From the material below, copy exactly the lines beginning with the one that contains "Pave Erkek Bisiklet" and ending with the one that contains "Nillkin Bumper Combo"; the pictures stay out.

******

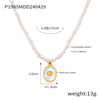 Titanium Steel And Pearl Pendant Necklace With Geometric Style And Electroplating Treatment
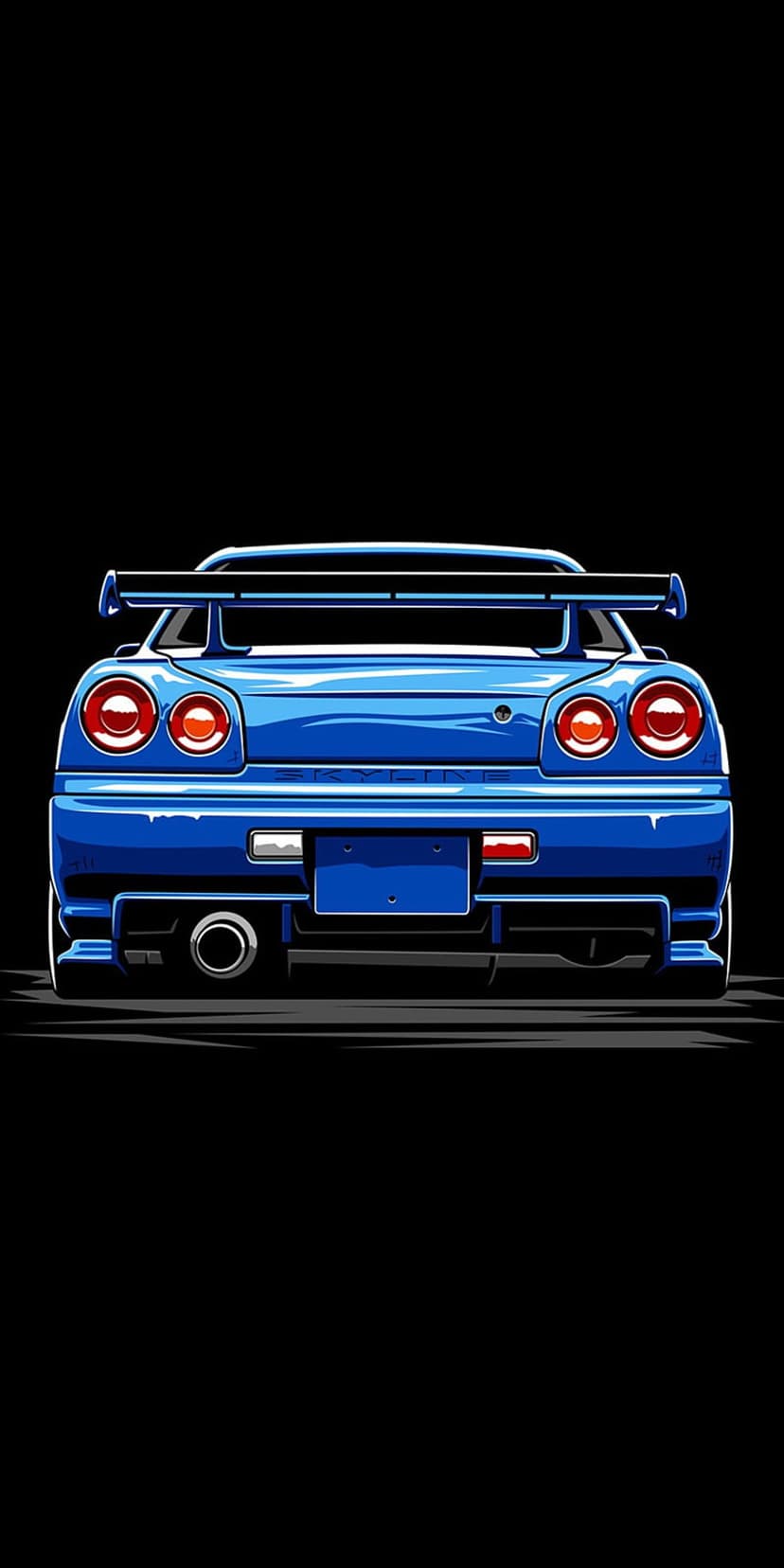 Blue Nissan Skyline GT-R R34 rear view with quad circular taillights and a large spoiler on a plain background.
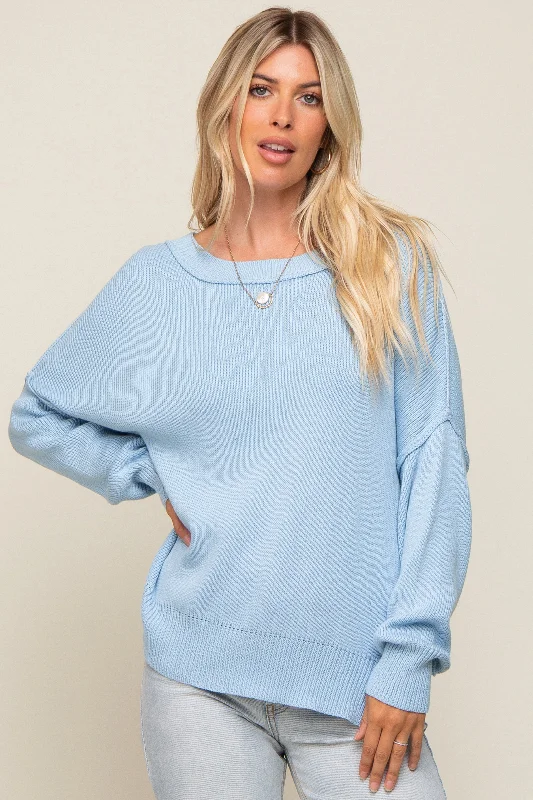 Light Blue Exposed Seam Side Slit SweaterPunk Knit Tops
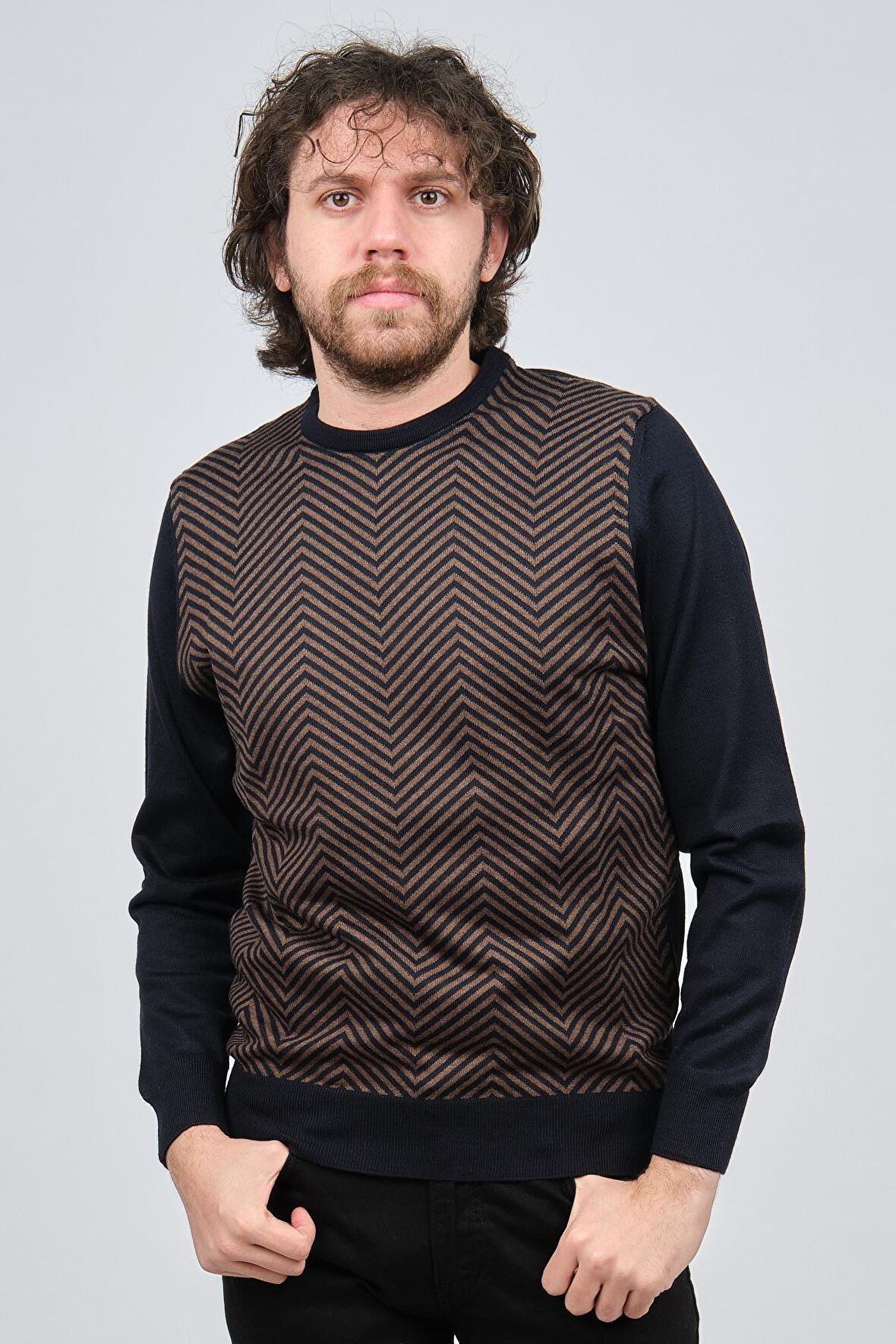 Pave Erkek Bisiklet Yaka Desenli Yün Kazak 4537043 Lacivert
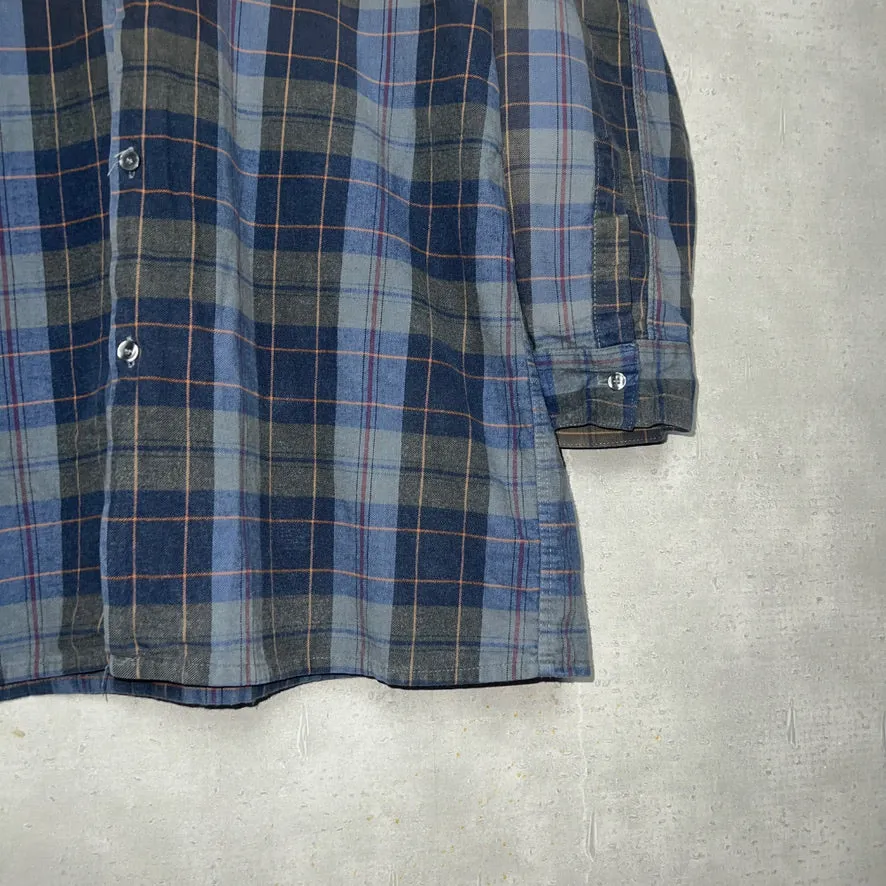 60-70'S FRANCE製 / COTTON FLANNEL CHECK PATTERN SHIRT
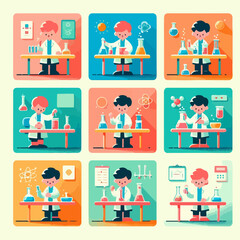 Flat vector of a kid doing a science experiment, minimalist lab setting, bright colors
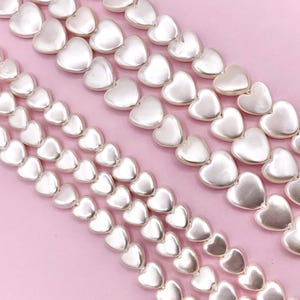 6mm & 8mm Shell Pearl Heart Shape Mother of Pearl White Heart Beads (NOT Freshwater Pearl) Around 15-16"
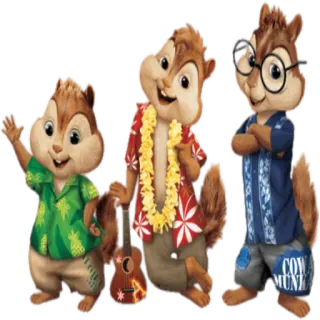🎼 Alvin and the Chipmunks tamias, Alvin, Simon, Théodore, dessin animé, animaux telegram sticker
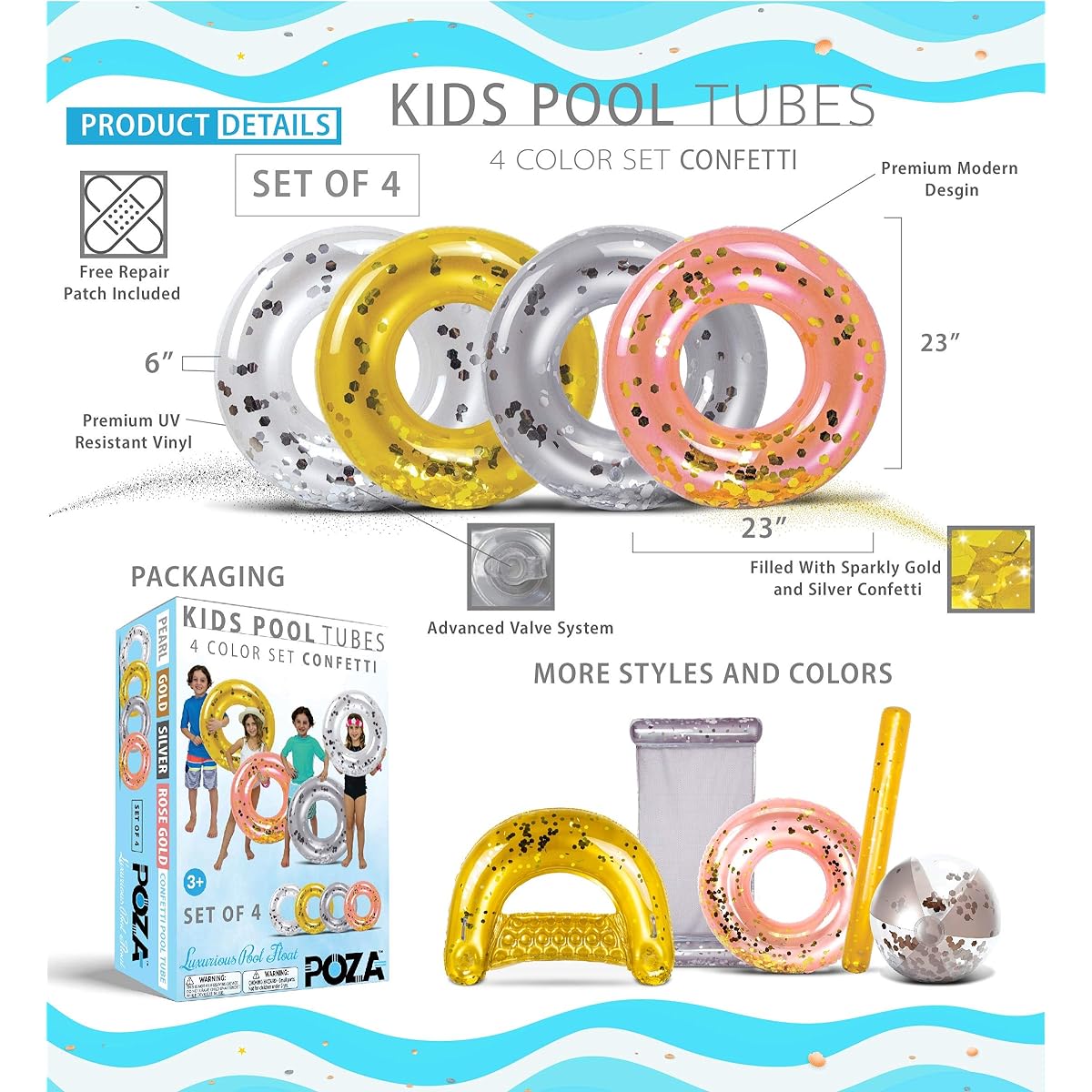 POZA - Kids Pool Tubes - Set of 4
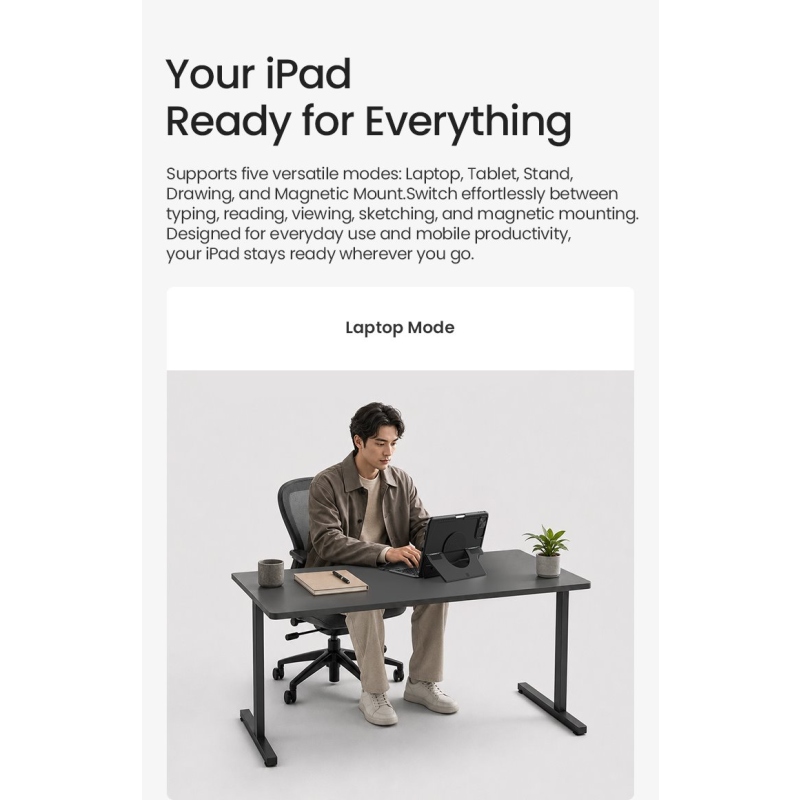 Nillkin Bumper Combo Pro billentyűzetes tok (háttérvilágításos változat) iPad Pro 12,9 2020/2021/2022 és Air 13 2024/2025/2026 modellekhez, fekete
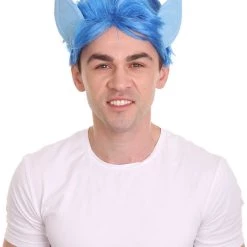 HPO Men's Medium Length Middle Part Blue Straight Wig With Blue Ears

******

• [SOLUTION FOR THIS PROBLEM]
 Pave Erkek Bisiklet Yaka Desenli Yün Kazak 4537043 Lacivert
 60-70'S FRANCE製 / COTTON FLANNEL CHECK PATTERN SHIRT
 Flat vector of a kid doing a science experiment, minimalist lab setting, bright colors
 6mm & 8mm Shell Pearl Heart Shape Mother of Pearl White Heart Beads (NOT Freshwater Pearl) Around 15-16"
🎼 Alvin and the Chipmunks tamias, Alvin, Simon, Théodore, dessin animé, animaux telegram sticker
 POZA - Kids Pool Tubes - Set of 4
 Nillkin Bumper Combo Pro billentyűzetes tok (háttérvilágításos változat) iPad Pro 12,9 2020/2021/2022 és Air 13 2024/2025/2026 modellekhez, fekete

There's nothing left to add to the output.